Bootstrapping Diffusion: Diffusion Model Training Leveraging Partial and Corrupted Data
Xudong Ma
TL;DR
Bootstrapping diffusion tackles the data efficiency challenge of diffusion models by leveraging abundant partial-view data (e.g., patches and downsampled images) alongside a small full-resolution dataset. It trains view-specific denoisers for each partial view and combines them to form a target for a residual denoiser, which is regularized by variance to improve generalization. The authors establish generalization bounds linking partial-view information, KL divergence, and model complexity, and validate the approach with experiments on AFHQv2-Cat showing high-quality full-resolution generation from limited data. Overall, the method achieves near first-order data efficiency by aligning residual learning complexity with the amount of information missing from partial views, with potential extensions in distillation and architecture optimization.
Abstract
Training diffusion models requires large datasets.
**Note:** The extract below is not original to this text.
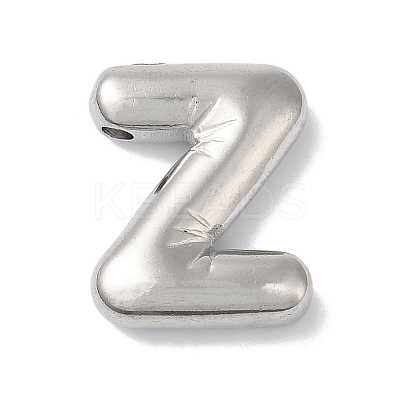 Non-Tarnish 304 Stainless Steel Pendants STAS-Z063-01P-Z-1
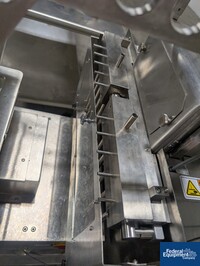 Image of Cozzoli Syringe Filler, Model F329HE-10SS 08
However, acquiring large volumes of high-quality data can be challenging, for example, collecting large numbers of high-resolution images and long videos. On the other hand, there are many complementary data that are usually considered corrupted or partial, such as low-resolution images and short videos. Other examples of corrupted data include videos that contain subtitles, watermarks, and logos. In this study, we investigate the theoretical problem of whether the above partial data can be utilized to train conventional diffusion models. Motivated by our theoretical analysis in this study, we propose a straightforward approach of training diffusion models utilizing partial data views, where we consider each form of complementary data as a view of conventional data. Our proposed approach first trains one separate diffusion model for each individual view, and then trains a model for predicting the residual score function. We prove generalization error bounds, which show that the proposed diffusion model training approach can achieve lower generalization errors if proper regularizations are adopted in the residual score function training. In particular, we prove that the difficulty in training the residual score function scales proportionally with the signal correlations not captured by partial data views. Consequently, the proposed approach achieves near first-order optimal data efficiency.